Anne Carson’s Eros the Bittersweet

Book Cover
Eros the Bittersweet, by Anne Carson. 1986

In the beginning, there was Paradox. The end won’t resolve this. It can’t, for obvious reasons. When we’re no longer able to hear the ex-lover cry, the tree fall, or remember the all too familiar trajectory of sweet to bitter, the Paradox remains. Anne Carson, in her beautiful meditation on Sappho, Socrates, Desire, and bridges to more bridges, takes us on a journey to Paradox, and gently, sweetly leaves us wanting more. More Sappho, more love, more.

Which is the key to it all. Or is it?

Wanting, longing, loving, or taming and overcoming these things? Carson presents a battle of competing methods, ideals and philosophies, with a focus on Sappho’s fragments and Plato’s Phaedrus, where she uncovers links to (potentially) bridge internal and external gaps. Doubling, tripling those gaps and bridges, through space and time, Carson uses Socrates and Sappho to mediate between the written and spoken word, lover and beloved, and denial or embrace of the passions. 

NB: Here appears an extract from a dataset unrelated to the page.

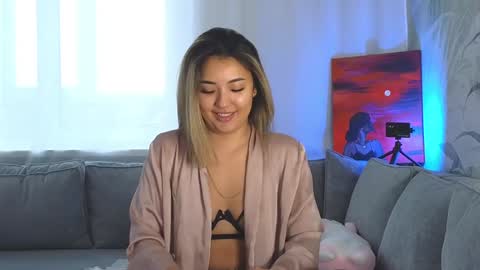 Lily online show from February 4, 2025, 7:29 am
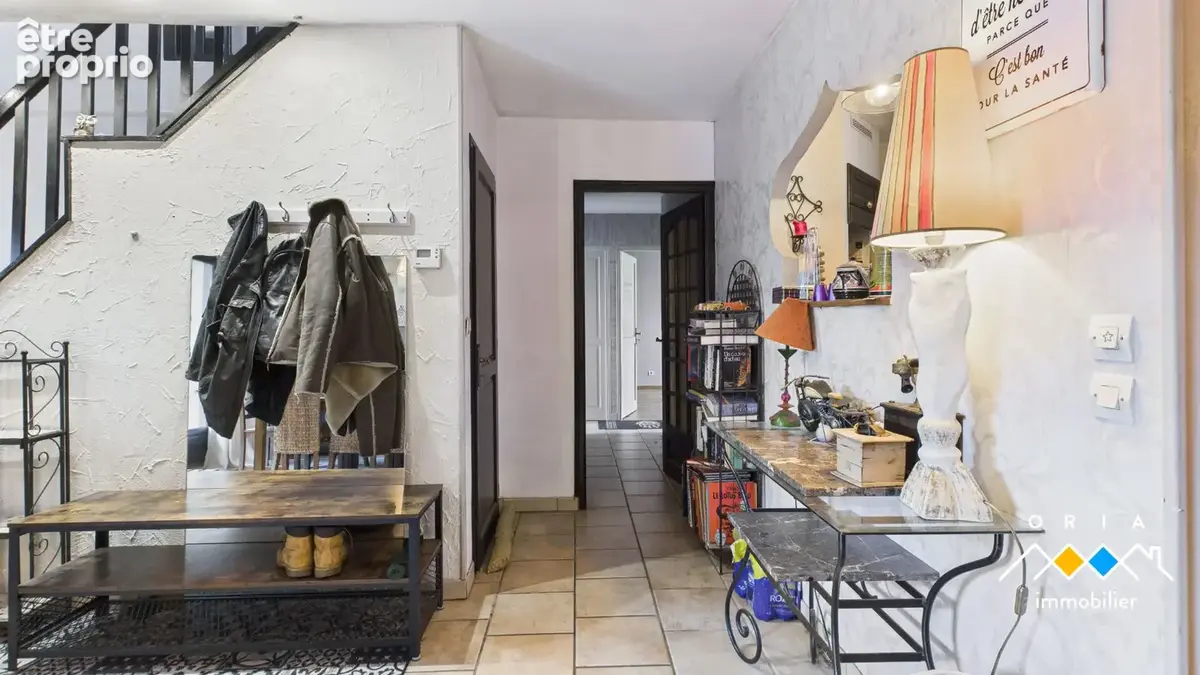 BEY-SUR-SEILLE - Maison 7 pieces avec terrain et piscine - photo 6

In the chapter entitled, “Finding the Edge,” she says:

Eros is an issue of boundaries. He exists because certain boundaries do. In the interval between reach and grasp, between glance and counterglance, between ‘I love you’ and ‘I love you too,’ the absent presence of desire comes alive. But the boundaries of time and glance and I love you are only aftershocks of the main, inevitable boundary that creates Eros: the boundary of flesh and self between you and me. And it is only, suddenly, at the moment when I would dissolve that boundary, I realize I never can.

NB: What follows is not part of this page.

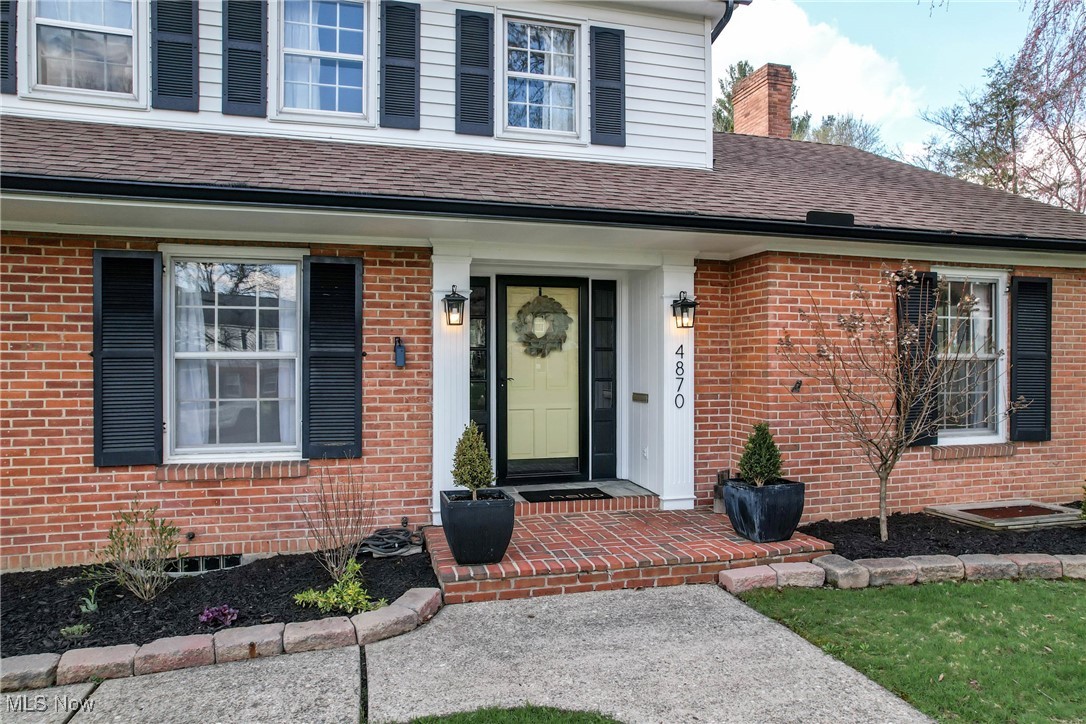 4870 Oak Knoll Drive, Youngstown, Ohio image 4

We are Edge without Form, Boundary without Shape. We constantly seek to cross over, but retain. Retain us. Who we are. At least enough of us, of our self, to remember why and with whom. In the midst of the greatest passions, we want these edges and these boundaries to disappear, though some humans want to further complicate matters with yet more Impossibles: break through those edges, those boundaries, that form in others, while losing none of these things ourselves.

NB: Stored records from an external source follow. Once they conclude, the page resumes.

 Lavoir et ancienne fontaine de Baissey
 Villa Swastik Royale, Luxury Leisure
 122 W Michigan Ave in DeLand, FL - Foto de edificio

Love can be predatory, and in so many of the ancient Greek myths, it is. Carson reminds us that seeking knowledge may have similar intentions.

And then there is Time. Being in or beyond it. Distanced or overwhelmed by it.

The static blooms of Adonis provide us with an answer to our question ‘What would the lover ask of time?’ As Plato formulates it, the answer brings us once again to the perception that lovers and readers have very similar desires. And the desire of each is something paradoxical. As lover you want ice to be ice and yet not melt in your hands. As reader you want knowledge to be knowledge and yet lie fixed on a written page. Such wants cannot help but pain you . . .

 

Glukupikron:

Sweetbitter love gives us the trajectory, the flow of life too, and teaches us the futility of avoidance, the perverse logic of indifference, the tragic fate of living in Either/or land. Both/and seems preferable, overall. I’ll dive in now and (perhaps) write deathless prose about it later. Standing on the cliffs, inside my own head, inside my delusions of indifference and control, is no way to run a railroad. No matter what we do, no matter how hard we try to remain above the fray, the river flows on, Eros laughs — mindfully, if he’s in the mood.